Eine Regel folgt immer einer Wenn-Dann-Logik (sogenannte Kausalbeziehung). Wenn die letzte Legitimationsprüfung länger als 12 Monate zurückliegt, dann ist diese erneut durchzuführen ODER Wenn die Ampel rot ist, dann darf die Strasse nicht überquert werden. Aus dem Vorhandensein eines Sachverhaltes ergibt sich also unmittelbar eine Handlung oder ein Verbot. Eine Regel ist also "laut" - diese muss nur ausgeführt werden. Eine Entscheidung ist vom Ausführenden nicht erforderlich. Wann helfen Ihnen Regeln bzw. was muss erfüllt sein, damit man wirksam zum Ziel kommt?

  1. Das Problem muss vorab bekannt sein und
  2. dieses muss revolvierend und gleichartig auftreten und
  3. es muss ausreichend Wissen zur Problemlösung vorhanden sein (zweiter Teil der Wenn-Dann-Logik). 
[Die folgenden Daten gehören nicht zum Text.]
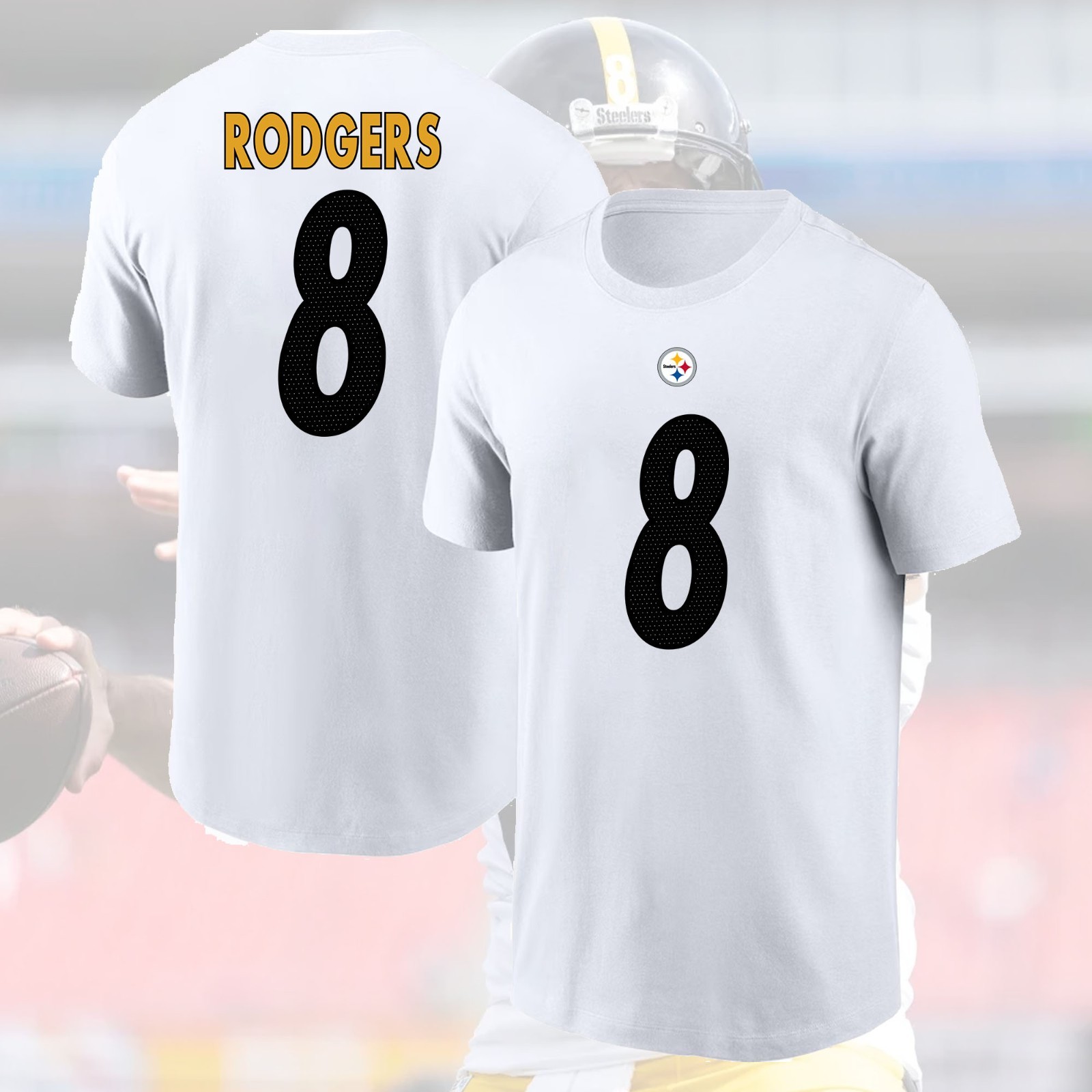 HOT SALE! Aaron Rodgers #8 Pittsburgh Steelers 2025 Name & Number For Fans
Regeln helfen Ihnen also ausschließlich für den blauen / komplizierten Teil Ihrer Wertschöpfung; sie reduzieren Komplexität im Unternehmen. Regeln werden immer von übergeordneten Stellen (bis hinauf zur Geschäftsleitung) in Kraft gesetzt, schaffen Sicherheit in einem trägen Marktumfeld und vermeiden Verschwendung von Ressourcen (wiederkehrende Probleme müssen nur 1 x durch Aufbau von Wissen gelöst werden). Die Missachtung von Regeln mündet im Chaos. Leider sinkt dieser Teil der Wertschöpfung im genossenschaftlichen Umfeld (vgl. hierzu meine Startseite) und damit eben auch die Wirksamkeit mancher Regel ...
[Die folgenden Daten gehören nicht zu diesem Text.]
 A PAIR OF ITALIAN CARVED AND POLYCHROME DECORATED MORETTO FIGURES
Mein erster Praxistipp: Immer dann wenn kontrovers / heftig über eine spezifische Regel in VR Banken diskutiert wird, ist das ein Indiz dafür, dass ein komplexes Problem vorliegt für das eben eine solche Regel nicht taugt >> Feststellungen in Prüfungsberichten, hohe Fehlerquoten, bewusste Nichtbeachtung der Regel etc. Hier braucht es dann ein sogenanntes Prinzip
Ein Prinzip ist im Gegensatz zur Regel stumm; es orientiert sich immer am Ergebnis, beschreibt also den Zustand, wie er nach dessen Anwendung sein sollte. Es lässt den Beteiligten den Weg zum Ergebnis offen, dieser muss durch soziale Interaktion ausgehandelt werden - es muss also von den Beteiligten eine Entscheidung getroffen werden. Nachdem man sich bei deren Anwendung auch irren* kann, braucht es Verantwortung von den Beteiligten. Übrigens: Prinzipien sind kontextfrei, gelten also immer. Nur Prinzipien helfen für Arbeit in einem komplexen Umfeld bzw. für den roten, dynamischen Teil der Wertschöpfung. Durch Ihre Universalität erzeugen diese eine gewissen Form der Sicherheit im Sinne einer Leitschnur. Zwingende Voraussetzung hierfür sind jedoch "mündige" Mitarbeiter (siehe unten - dritter Praxistipp).
Noch kurz ein Beispiel um Ihnen den Unterschied zwischen Regel und Prinzip zu veranschaulichen:
  • Regel: Die Axt ist alle zwei Stunden zu schärfen.
  • Prinzip: Wir arbeiten stets mit scharfer Axt.   
Weitere Beispiel für Prinzipen aus der Praxis: 
  • Wir sind sparsam (Aldi).
  • Don't be evil (Google)
  • Wir verhalten uns im Straßenverkehr so, dass von uns keinerlei Gefahr für andere ausgeht.
  • Kreditrisiken werden angemessen bepreist. 
*Die Abweichung von der Regel nennt man Fehler, die Anwendung eines Prinzips führt hingegen ggfs. zu einem Irrtum. Dies macht einen fundamentalen Unterschied! 
Mein zweiter Praxistipp: Sie müssen durch Beobachtung unterscheiden können, wo Sie nach wie vor wirksam mit Regeln arbeiten können und wo die Einführung von Prinzipien sinnvoll ist - blau versus rot, kompliziert versus komplex ... Vielleicht hilft Ihnen ein Blick zum Geno-Impuls Nr. 2
 
Mein dritter Praxistipp: Es muss Führungskräften / Geschäftsleiterinnen /-ern gelingen, ein Umfeld zu schaffen, in welchem Mitarbeiter bereit sind Verantwortung für ihr Handeln zu übernehmen. Nur wenn Sie den Mitarbeitenden Ihr Vertrauen entgegen bringen und wenn diese es spüren, wird die Arbeit mit Prinzipien gelingen. Wichtig dabei: sprechen Sie Vertrauen niemals aus und fordern Sie dieses auch nicht aktiv ein, sondern lassen Sie dieses durch Ihre tägliche Arbeit, Ihre Interaktion mit Menschen und Ihre Haltung wirken. Wer Vertrauen einfordert,  erntet im schlimmsten Fall Heuchelei. Aus Zutrauen entsteht Vertrauen. Nur durch echtes, rückhaltloses Vertrauen werden die Kolleginnen und Kollegen die eingeführten, "erwachsenen" Prinzipien im jeweiligen Kontext sinnvoll mit Leben füllen und Sie damit die Organisation erfolgreich in die Zukunft führen.